__DATA TO USE__.
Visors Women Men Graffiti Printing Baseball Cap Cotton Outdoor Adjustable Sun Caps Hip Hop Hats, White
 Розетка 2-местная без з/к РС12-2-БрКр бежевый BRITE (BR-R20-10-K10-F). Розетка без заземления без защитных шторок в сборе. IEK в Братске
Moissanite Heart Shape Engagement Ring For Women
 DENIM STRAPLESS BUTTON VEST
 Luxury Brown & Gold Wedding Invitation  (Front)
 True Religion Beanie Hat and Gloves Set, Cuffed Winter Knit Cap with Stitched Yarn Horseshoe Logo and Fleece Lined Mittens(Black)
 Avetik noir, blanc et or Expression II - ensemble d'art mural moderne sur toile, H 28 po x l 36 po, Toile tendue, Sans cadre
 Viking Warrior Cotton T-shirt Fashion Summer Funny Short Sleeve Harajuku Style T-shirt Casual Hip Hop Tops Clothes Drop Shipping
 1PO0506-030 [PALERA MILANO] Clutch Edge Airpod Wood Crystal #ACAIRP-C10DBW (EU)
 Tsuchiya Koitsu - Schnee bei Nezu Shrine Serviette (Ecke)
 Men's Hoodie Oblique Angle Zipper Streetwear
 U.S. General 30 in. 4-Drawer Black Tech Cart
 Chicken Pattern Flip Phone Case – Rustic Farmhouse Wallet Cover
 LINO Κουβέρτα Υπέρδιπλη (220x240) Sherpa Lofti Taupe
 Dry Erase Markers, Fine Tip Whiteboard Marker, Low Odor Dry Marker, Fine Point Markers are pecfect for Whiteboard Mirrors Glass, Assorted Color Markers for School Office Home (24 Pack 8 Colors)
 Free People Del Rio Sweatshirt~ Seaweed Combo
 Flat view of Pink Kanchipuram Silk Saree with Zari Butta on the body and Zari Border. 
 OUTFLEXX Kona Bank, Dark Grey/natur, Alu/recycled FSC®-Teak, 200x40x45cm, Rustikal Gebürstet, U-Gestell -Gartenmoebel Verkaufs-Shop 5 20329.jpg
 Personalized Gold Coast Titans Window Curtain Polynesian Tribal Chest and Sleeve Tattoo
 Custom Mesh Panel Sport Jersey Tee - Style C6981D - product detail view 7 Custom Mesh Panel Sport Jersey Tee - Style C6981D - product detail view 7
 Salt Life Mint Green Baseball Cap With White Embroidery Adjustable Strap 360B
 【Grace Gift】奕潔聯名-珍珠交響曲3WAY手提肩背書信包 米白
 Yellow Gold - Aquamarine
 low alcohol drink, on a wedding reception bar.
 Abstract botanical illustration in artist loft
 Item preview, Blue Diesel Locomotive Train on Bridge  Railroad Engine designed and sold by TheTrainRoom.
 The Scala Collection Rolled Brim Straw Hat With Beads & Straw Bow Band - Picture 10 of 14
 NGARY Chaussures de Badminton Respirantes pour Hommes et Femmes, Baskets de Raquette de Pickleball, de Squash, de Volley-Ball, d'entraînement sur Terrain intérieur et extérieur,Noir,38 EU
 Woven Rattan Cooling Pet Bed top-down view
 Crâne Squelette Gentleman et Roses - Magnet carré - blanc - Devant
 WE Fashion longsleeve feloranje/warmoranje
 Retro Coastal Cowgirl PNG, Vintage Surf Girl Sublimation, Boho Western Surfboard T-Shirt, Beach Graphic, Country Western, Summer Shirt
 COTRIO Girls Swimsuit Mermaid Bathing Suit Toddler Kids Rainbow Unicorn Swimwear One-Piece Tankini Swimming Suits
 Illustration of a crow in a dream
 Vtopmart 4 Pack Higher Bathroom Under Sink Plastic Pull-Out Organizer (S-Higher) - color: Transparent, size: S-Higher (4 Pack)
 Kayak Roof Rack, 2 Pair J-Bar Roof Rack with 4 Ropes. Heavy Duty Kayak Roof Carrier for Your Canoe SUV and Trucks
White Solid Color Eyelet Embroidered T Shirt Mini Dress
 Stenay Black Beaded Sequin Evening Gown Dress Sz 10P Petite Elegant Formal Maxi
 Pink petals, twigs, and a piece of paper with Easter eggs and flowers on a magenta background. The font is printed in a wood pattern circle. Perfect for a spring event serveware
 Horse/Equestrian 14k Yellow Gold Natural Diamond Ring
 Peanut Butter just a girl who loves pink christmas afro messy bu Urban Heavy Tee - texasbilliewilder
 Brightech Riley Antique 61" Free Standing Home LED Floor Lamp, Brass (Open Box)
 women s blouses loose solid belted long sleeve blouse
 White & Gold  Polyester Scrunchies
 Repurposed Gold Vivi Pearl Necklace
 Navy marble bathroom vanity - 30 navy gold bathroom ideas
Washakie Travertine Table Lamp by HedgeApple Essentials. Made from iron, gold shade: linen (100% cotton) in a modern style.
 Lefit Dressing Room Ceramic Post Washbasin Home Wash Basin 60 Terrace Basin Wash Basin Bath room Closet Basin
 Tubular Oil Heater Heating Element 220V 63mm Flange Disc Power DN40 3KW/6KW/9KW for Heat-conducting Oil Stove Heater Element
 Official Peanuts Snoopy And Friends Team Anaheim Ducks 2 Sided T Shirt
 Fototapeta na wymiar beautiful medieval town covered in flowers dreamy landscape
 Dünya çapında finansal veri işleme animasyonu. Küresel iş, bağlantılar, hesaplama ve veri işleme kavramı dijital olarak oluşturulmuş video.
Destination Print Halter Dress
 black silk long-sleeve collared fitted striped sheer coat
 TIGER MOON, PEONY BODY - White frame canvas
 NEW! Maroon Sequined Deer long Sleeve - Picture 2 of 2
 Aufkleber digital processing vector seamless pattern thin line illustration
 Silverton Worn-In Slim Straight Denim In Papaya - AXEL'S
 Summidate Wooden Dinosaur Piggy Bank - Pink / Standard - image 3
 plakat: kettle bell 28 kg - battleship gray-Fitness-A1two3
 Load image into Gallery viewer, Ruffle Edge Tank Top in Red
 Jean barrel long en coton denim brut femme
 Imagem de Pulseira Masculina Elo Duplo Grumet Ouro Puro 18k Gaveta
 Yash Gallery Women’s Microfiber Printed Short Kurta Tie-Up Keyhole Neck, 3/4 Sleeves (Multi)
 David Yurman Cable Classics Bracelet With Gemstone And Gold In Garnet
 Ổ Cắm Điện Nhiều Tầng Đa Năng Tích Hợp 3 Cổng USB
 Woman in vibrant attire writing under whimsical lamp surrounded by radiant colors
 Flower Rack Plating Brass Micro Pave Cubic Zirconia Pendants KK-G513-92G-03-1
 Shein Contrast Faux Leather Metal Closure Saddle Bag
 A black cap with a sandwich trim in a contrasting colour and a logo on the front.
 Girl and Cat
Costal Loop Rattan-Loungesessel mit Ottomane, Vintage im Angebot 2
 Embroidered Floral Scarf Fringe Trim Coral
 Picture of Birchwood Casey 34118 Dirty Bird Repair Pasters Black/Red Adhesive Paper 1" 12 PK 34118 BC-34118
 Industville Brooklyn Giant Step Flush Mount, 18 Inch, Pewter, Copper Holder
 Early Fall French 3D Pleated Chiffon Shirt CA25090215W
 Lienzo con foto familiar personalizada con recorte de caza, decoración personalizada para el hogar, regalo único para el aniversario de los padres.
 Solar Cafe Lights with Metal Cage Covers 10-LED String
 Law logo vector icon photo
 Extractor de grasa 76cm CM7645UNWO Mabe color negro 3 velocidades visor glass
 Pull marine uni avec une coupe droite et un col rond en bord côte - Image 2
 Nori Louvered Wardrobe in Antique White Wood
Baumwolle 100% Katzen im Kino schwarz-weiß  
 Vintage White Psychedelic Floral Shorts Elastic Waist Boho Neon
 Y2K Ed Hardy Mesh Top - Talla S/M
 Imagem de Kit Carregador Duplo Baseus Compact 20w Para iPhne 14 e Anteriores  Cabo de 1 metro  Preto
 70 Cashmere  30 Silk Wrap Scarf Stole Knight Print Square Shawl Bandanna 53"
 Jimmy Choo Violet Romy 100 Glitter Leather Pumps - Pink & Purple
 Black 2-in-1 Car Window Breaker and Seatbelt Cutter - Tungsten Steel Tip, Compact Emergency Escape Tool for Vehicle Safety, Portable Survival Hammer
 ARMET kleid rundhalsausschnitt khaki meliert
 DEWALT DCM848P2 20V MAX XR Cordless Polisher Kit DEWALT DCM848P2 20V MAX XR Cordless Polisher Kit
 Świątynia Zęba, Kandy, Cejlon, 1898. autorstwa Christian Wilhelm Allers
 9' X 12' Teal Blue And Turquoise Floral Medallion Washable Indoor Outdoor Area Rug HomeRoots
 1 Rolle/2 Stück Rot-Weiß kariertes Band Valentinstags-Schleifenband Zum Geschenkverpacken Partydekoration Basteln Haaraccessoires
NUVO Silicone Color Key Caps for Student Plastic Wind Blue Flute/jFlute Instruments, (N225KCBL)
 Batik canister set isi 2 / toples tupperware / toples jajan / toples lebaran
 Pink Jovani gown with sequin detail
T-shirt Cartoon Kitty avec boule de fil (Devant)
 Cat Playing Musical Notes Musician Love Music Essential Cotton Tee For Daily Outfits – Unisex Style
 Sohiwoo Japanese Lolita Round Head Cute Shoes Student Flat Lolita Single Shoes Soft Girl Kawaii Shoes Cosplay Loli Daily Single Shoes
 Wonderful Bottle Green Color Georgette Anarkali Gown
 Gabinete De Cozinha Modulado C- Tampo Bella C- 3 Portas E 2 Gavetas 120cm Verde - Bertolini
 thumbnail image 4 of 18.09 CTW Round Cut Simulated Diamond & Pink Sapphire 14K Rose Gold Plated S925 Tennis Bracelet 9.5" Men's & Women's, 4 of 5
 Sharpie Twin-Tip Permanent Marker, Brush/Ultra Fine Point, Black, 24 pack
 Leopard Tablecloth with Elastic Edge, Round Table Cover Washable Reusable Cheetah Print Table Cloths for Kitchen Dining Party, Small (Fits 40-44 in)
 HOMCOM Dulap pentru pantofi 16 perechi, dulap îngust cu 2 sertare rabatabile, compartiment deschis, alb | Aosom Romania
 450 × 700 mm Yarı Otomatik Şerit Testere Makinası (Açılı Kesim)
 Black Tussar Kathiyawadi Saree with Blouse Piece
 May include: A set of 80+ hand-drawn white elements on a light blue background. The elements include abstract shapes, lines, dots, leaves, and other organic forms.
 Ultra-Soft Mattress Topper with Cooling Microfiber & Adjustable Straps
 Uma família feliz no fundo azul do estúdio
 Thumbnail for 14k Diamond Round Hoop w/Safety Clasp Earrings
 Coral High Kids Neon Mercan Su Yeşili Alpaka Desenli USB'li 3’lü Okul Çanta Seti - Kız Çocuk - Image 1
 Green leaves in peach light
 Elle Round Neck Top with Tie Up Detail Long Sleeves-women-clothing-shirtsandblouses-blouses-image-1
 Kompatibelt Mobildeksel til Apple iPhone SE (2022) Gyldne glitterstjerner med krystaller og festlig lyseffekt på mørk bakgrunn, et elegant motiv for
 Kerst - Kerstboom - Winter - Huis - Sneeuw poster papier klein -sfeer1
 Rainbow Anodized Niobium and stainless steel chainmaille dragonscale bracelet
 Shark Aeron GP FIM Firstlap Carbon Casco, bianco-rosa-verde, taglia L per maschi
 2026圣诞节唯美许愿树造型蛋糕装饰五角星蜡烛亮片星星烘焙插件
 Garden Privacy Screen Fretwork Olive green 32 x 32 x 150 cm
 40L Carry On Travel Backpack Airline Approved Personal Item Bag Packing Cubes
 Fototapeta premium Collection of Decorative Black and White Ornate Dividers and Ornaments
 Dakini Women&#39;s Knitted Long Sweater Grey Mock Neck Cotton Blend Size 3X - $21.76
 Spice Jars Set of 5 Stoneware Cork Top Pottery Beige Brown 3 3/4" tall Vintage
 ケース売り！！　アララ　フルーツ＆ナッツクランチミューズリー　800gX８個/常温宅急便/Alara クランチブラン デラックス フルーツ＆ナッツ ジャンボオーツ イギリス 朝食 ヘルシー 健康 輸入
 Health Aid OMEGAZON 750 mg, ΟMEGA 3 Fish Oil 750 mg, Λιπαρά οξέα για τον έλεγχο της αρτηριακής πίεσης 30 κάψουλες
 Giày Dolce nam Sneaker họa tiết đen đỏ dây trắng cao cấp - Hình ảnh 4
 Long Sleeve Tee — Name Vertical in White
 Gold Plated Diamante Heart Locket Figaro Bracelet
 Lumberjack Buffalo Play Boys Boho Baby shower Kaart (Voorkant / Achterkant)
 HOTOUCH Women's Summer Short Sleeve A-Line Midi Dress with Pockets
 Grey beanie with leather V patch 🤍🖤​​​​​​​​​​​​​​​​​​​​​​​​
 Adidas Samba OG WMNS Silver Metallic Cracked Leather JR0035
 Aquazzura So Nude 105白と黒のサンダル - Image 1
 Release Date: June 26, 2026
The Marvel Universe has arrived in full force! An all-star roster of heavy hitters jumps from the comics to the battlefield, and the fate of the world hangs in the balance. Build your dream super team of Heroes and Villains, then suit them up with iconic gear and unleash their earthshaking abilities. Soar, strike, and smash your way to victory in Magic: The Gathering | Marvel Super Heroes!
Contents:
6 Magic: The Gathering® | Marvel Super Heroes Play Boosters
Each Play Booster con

__YOUR TASK__. Give back, unchanged, the run of lines in the listing above that begins at the line containing "Elle Round Neck" and ends at the line containing "Garden Privacy Screen", both included.

__RESULT OF THIS TASK__.
 Elle Round Neck Top with Tie Up Detail Long Sleeves-women-clothing-shirtsandblouses-blouses-image-1
 Kompatibelt Mobildeksel til Apple iPhone SE (2022) Gyldne glitterstjerner med krystaller og festlig lyseffekt på mørk bakgrunn, et elegant motiv for
 Kerst - Kerstboom - Winter - Huis - Sneeuw poster papier klein -sfeer1
 Rainbow Anodized Niobium and stainless steel chainmaille dragonscale bracelet
 Shark Aeron GP FIM Firstlap Carbon Casco, bianco-rosa-verde, taglia L per maschi
 2026圣诞节唯美许愿树造型蛋糕装饰五角星蜡烛亮片星星烘焙插件
 Garden Privacy Screen Fretwork Olive green 32 x 32 x 150 cm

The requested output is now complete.